大江山 いく野の道の 遠ければ まだふみもみず 天の橋立

小倉百人一首 第60番

これは百人一首に出てくる、めちゃくちゃ有名な歌です。高校生の時に古文で習ったような気がします。

同人誌『よつかど』の特集テーマ「ふみ」

福島市の同人誌『よつかど』に寄稿しています。今月のテーマは「ふみ」。
ふみ、と聞いてはじめに浮かんだのが冒頭の歌でした。

この歌が生まれたエピソードがかっこいいですよね。
古文の授業でも、先生がそのエピソード話してくれて聞いたような覚えが微かにある…かもしれない…かな…(ほぼないね笑)

かっこいいエピソード

この歌の詠み人は小式部内侍。和泉式部の娘です。
幼いときから歌に関して天才的で、あまりに歌の出来がいいので、母の代作だろうと言われていたそうです。

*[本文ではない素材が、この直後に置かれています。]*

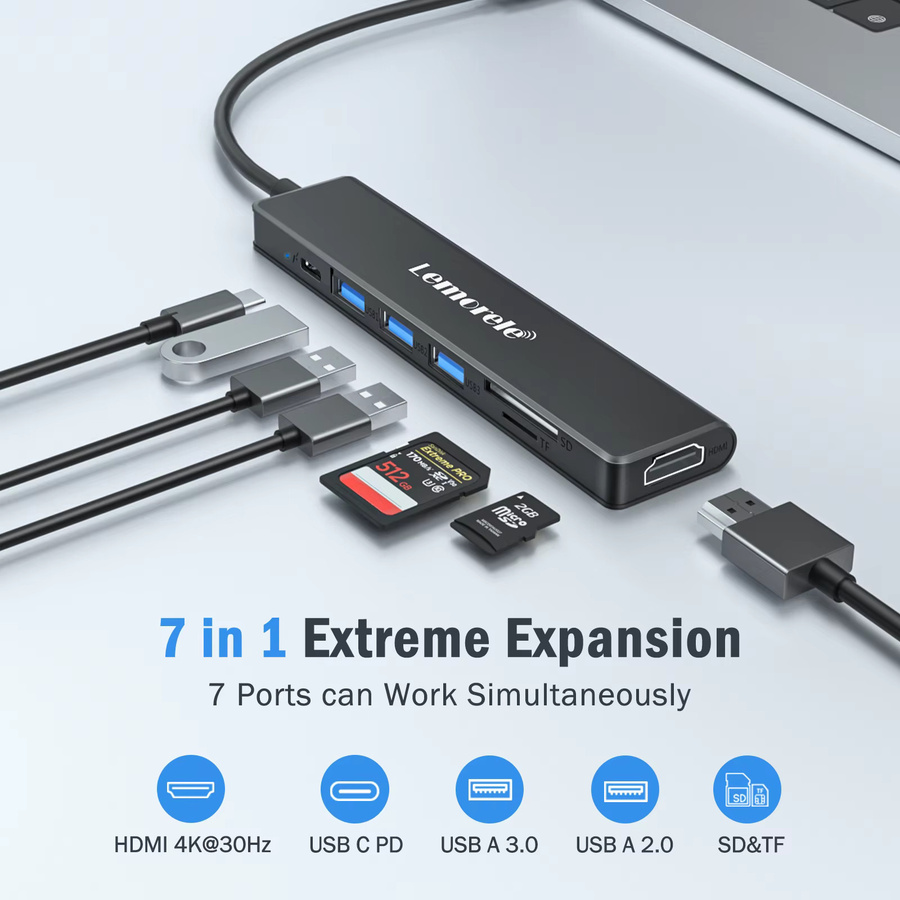 LEMORELE 7-in-1 USB C Hub Dockingstation in Grau mit 4K UHD Videoausgang, 100 W PD und USB-C sowie USB-A 3.0 Ports für MacBook und Windows Laptop - Bild 2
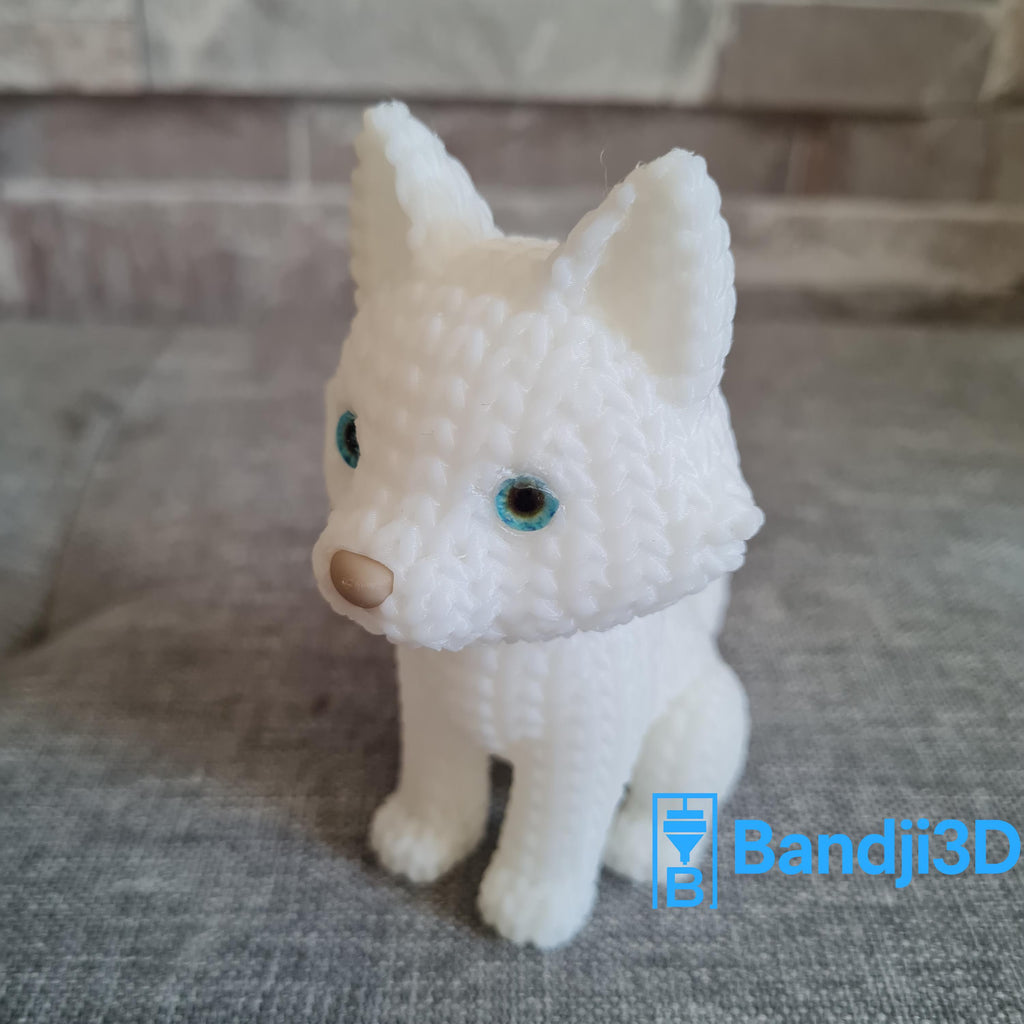 Figurine loup tricot 3D • Statue déco artisanale • Cadeau original | Bandji3D Bandji3D
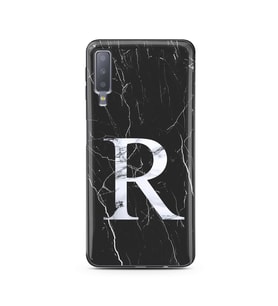 Samsung A7 (2018) Siyah Mermer Harf Tasarımlı Telefon Kılıfı R-Harfi 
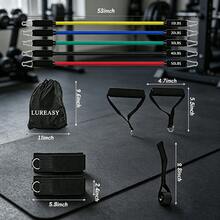 11pcs/Set Multi-Layer Resistance Band Set Full Body Workout Fitness Tubes Door Anchor Handles Ankle Straps Home Gym Strength Training Equipment - Multicolor - View 3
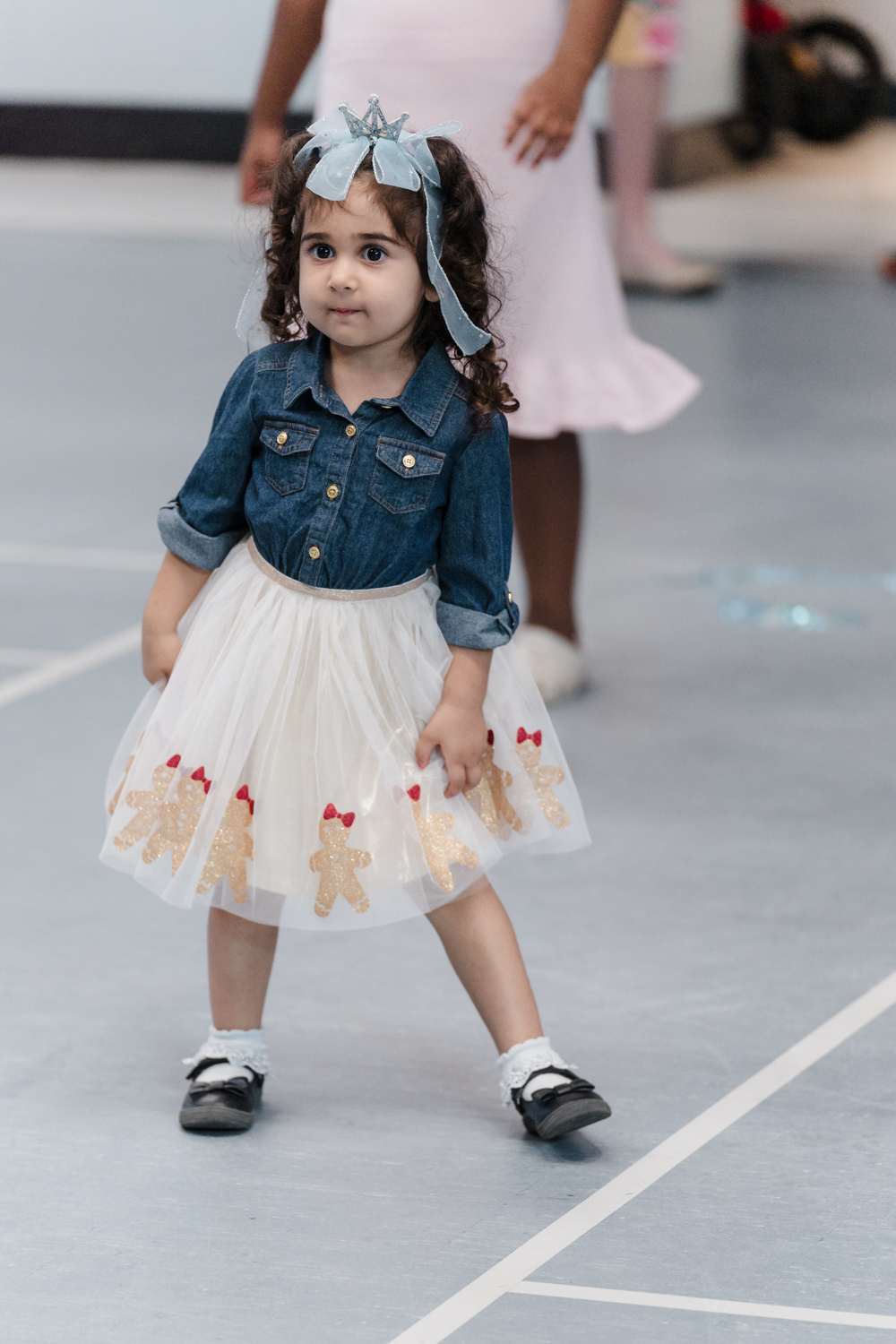 A young child dancing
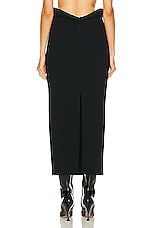 Bottega Veneta Viscose Compact Frise Skirt in Black, view 3, click to view large image.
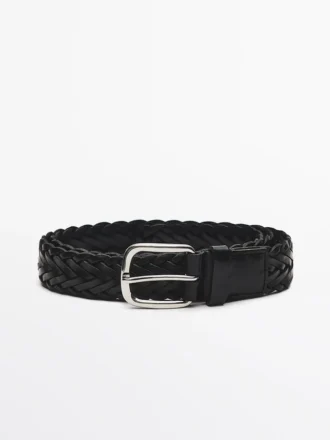 Ceinture en cuir nappa tressé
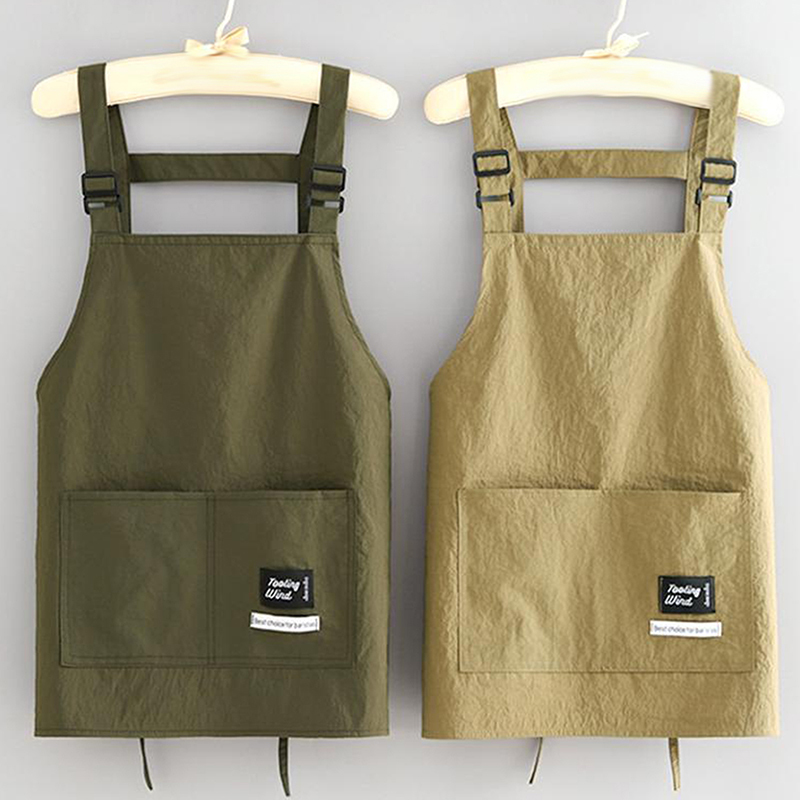  Household Canvas Apron Oil-proof Can Wipe Hands Kitchen CookingMen Women Adult With Tool Pockets Fashion Coffee Over Apron 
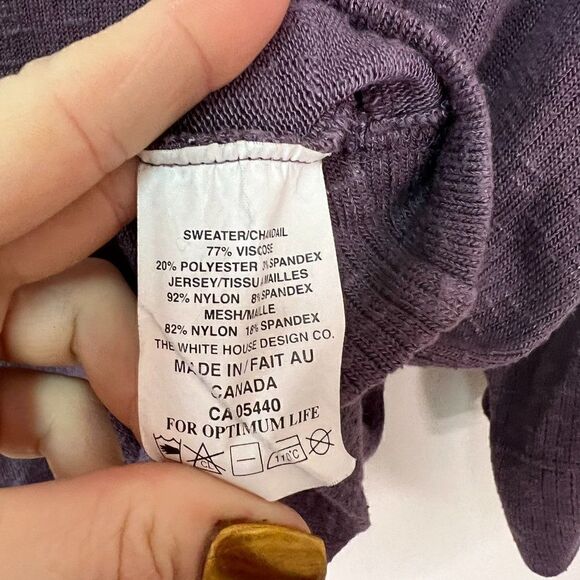 Sympli Purple Oversized Boxy Knit Cropped Half Sleeve Top - Picture 6 of 6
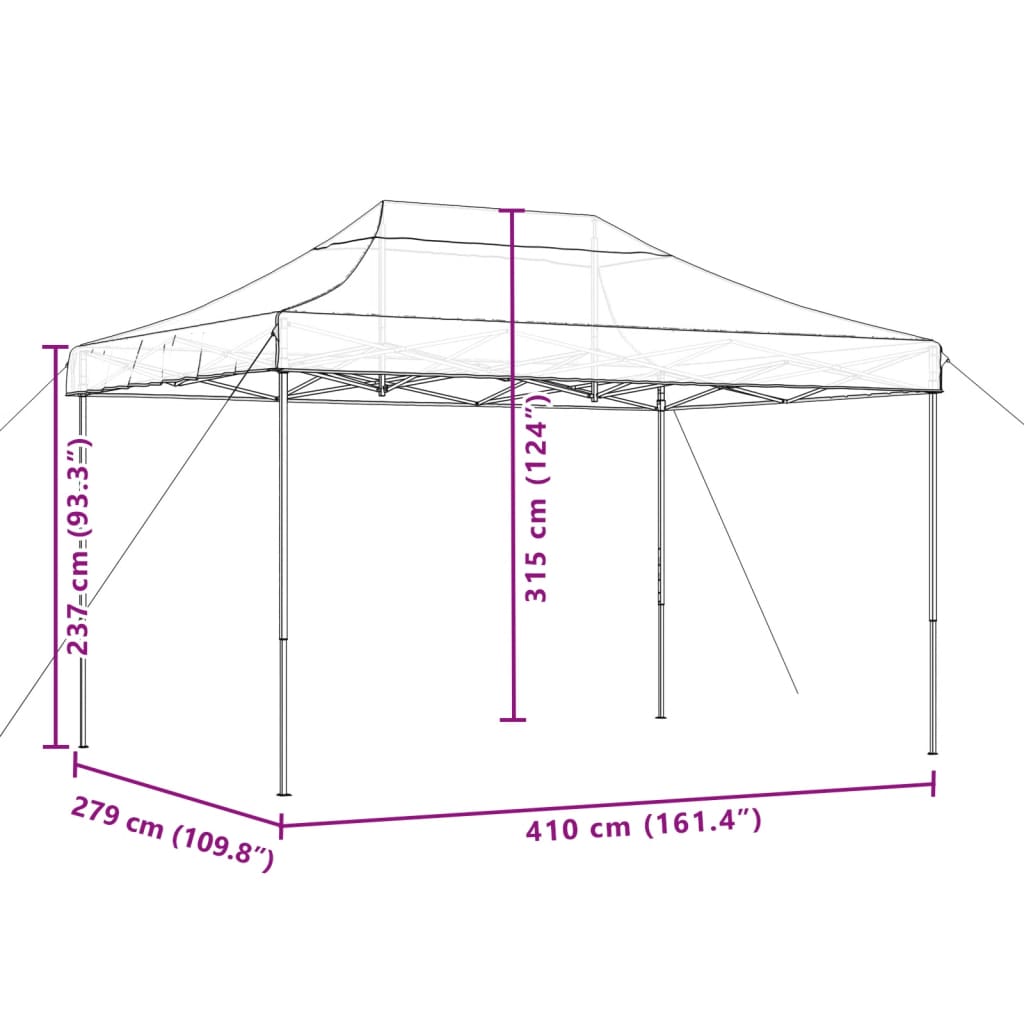 Pop-Up Gartenpavillon - Gartenzelt - Wetterschutz - Terrassenpavillon - 410x280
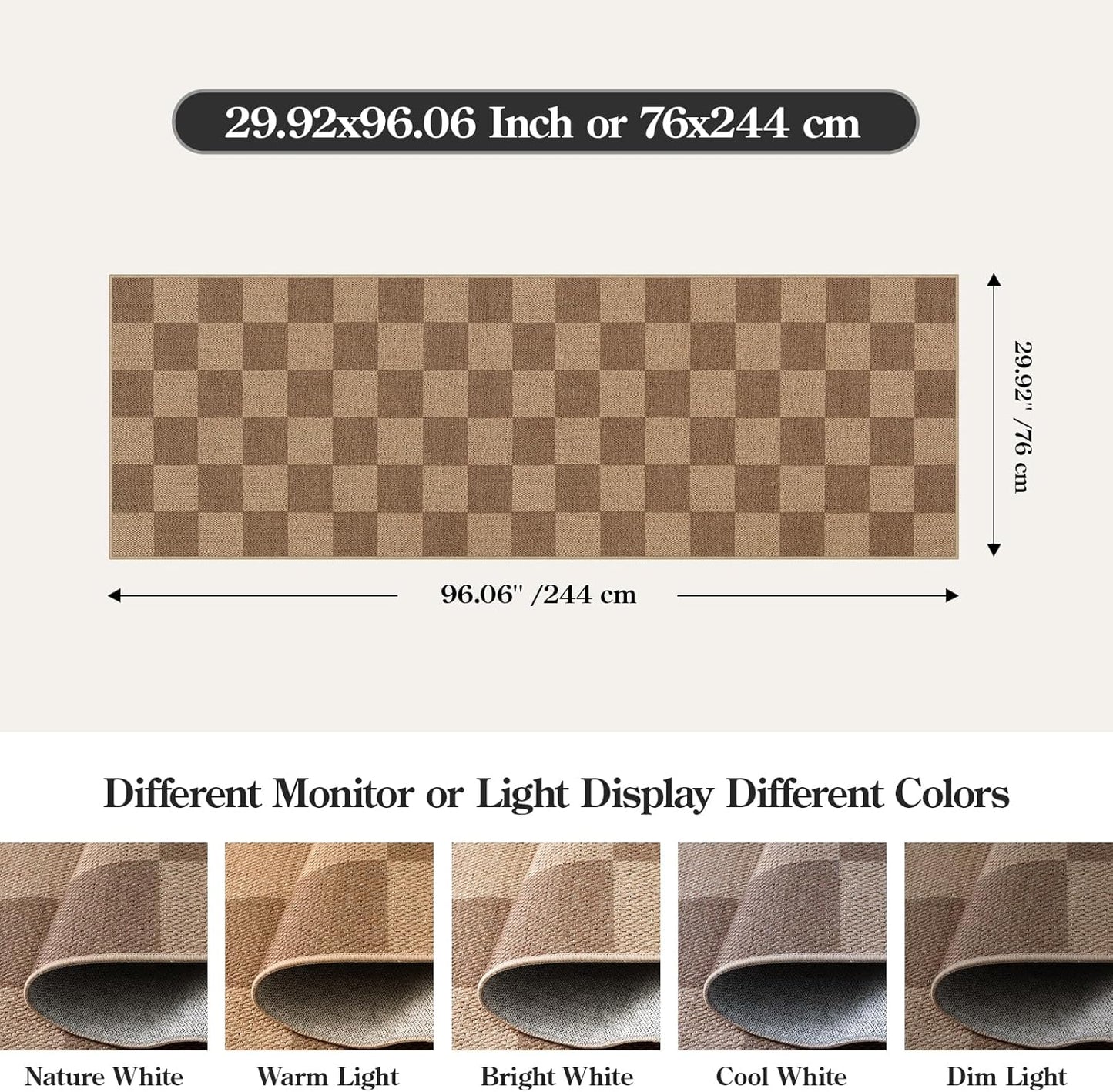 Lahome Checkered Easy Jute Kitchen Runner, 2x8 Washable Indoor Outdoor Runner Rug, Checkerboard Non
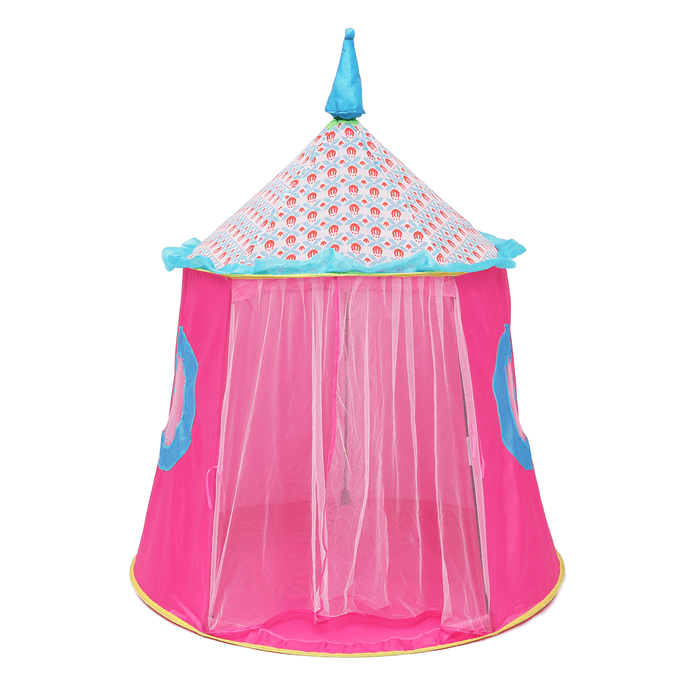 120X110Cm Kids Folding Play Tent Princess Indoor/Outdoor Castle Playhouse Game Tent for over Aged 3 Girls＆Boys Gifts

ある日、小式部内侍は歌合わせの会に招かれますが、その頃、母の和泉式部は丹後国にいて不在。同じ歌合わせの会に招かれていた藤原定頼が、意地悪に「歌会で詠む歌はどうするんです?お母様のいらっしゃる丹後の国へ使いは出されましたか?まだ、使いは帰って来ないのですか」と、代作疑惑のことを皮肉って言ったそうです。
そこで、小式部内侍が即興で歌ったのが冒頭の歌です。
現代語訳は、

「大江山へ行く野の道(生野の道)は遠いので、まだ行ったことはありませんわ(手紙なんて見たこともありませんわ)。天の橋立なんて」

「生野」と「行く」とを掛け、さらに「踏みもみず」と「文も見ず」を掛けて、かつ身の潔白を華麗に歌った小式部内侍。これを即興で詠むことで、これまでの歌が全て自分の歌であり、噂はデタラメであることを証明したと言うのですからかっこいいです。
この時の定頼はどんなだったか。

現代で言うと、上司からのパワハラ発言に対して、さらっと華麗な嫌味で切り返す女子社員、といったイメージかな。スッとしますねー!